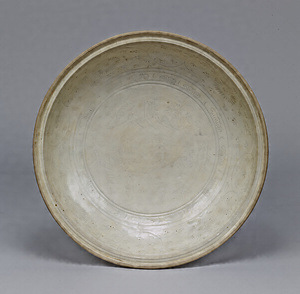 Large Dish White porcelain with incised landscape design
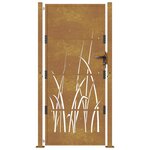 vidaXL Portail de jardin 105x205 cm acier corten conception d'herbe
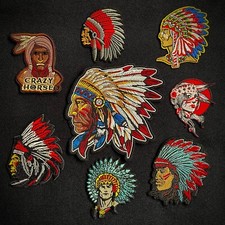 NATIVE AMERICAN INDIAN Crazy Horse Motorcycle Biker Embroidered Patch Iron-On
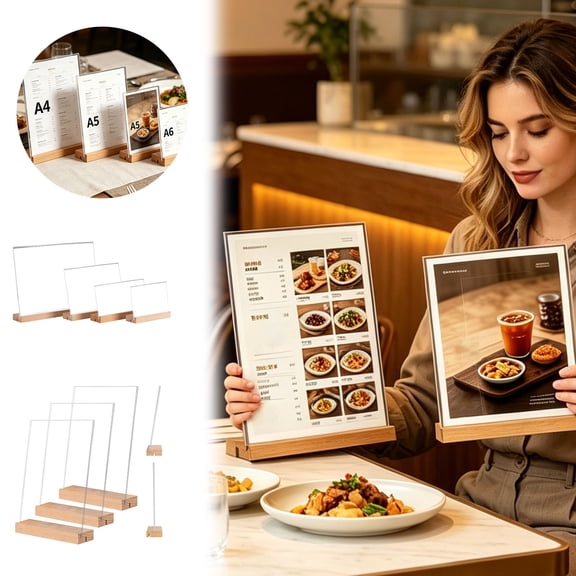 L&T Shaped Acrylic Tabletop Display Stand Wooden Base Transparent Sign Holder Multi-Functional Price Tag Menu Flyer Display Rack For Shop Office Hotel Exhibition Bar Home Decor 3.9×5.9 in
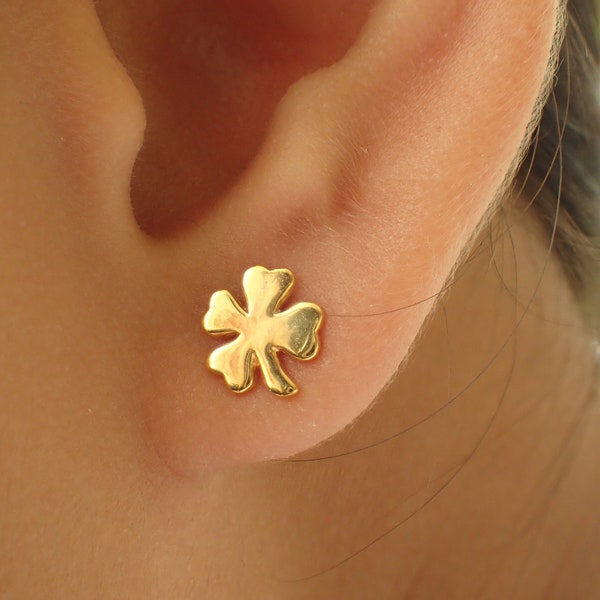 Four Leaf Clover Earrings, Clover Stud Earrings, 14k Solid Gold Dainty Earrings, Tiny Clover Earrings, Good Luck Earrings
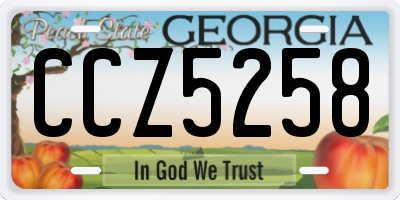 GA license plate CCZ5258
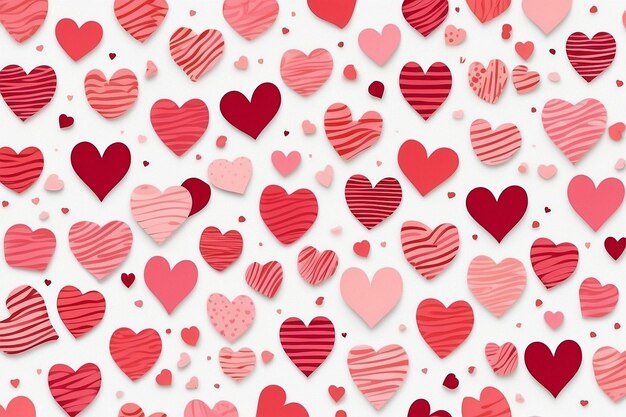 Valentines Seamless heart shape pattern white background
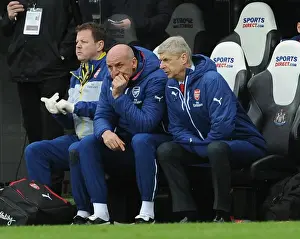 Newcastle United V Arseal 2014/15 Prints: Steve Bould Arsenal Assistant Manager and Arsene Wenger the Arsenal Manager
──────────
In the copy, include no pictures; restate the listing above exactly.

**EXPECTED ANSWER:**
 Large Dish White porcelain with incised landscape design
 vidaXL Portail de jardin 105x205 cm acier corten conception d'herbe
 NATIVE AMERICAN INDIAN Crazy Horse Motorcycle Biker Embroidered Patch Iron-On
 L&T Shaped Acrylic Tabletop Display Stand Wooden Base Transparent Sign Holder Multi-Functional Price Tag Menu Flyer Display Rack For Shop Office Hotel Exhibition Bar Home Decor 3.9×5.9 in
 Four Leaf Clover Earrings, Clover Stud Earrings, 14k Solid Gold Dainty Earrings, Tiny Clover Earrings, Good Luck Earrings
 GA license plate CCZ5258
 Valentines Seamless heart shape pattern white background
 Newcastle United V Arseal 2014/15 Prints: Steve Bould Arsenal Assistant Manager and Arsene Wenger the Arsenal Manager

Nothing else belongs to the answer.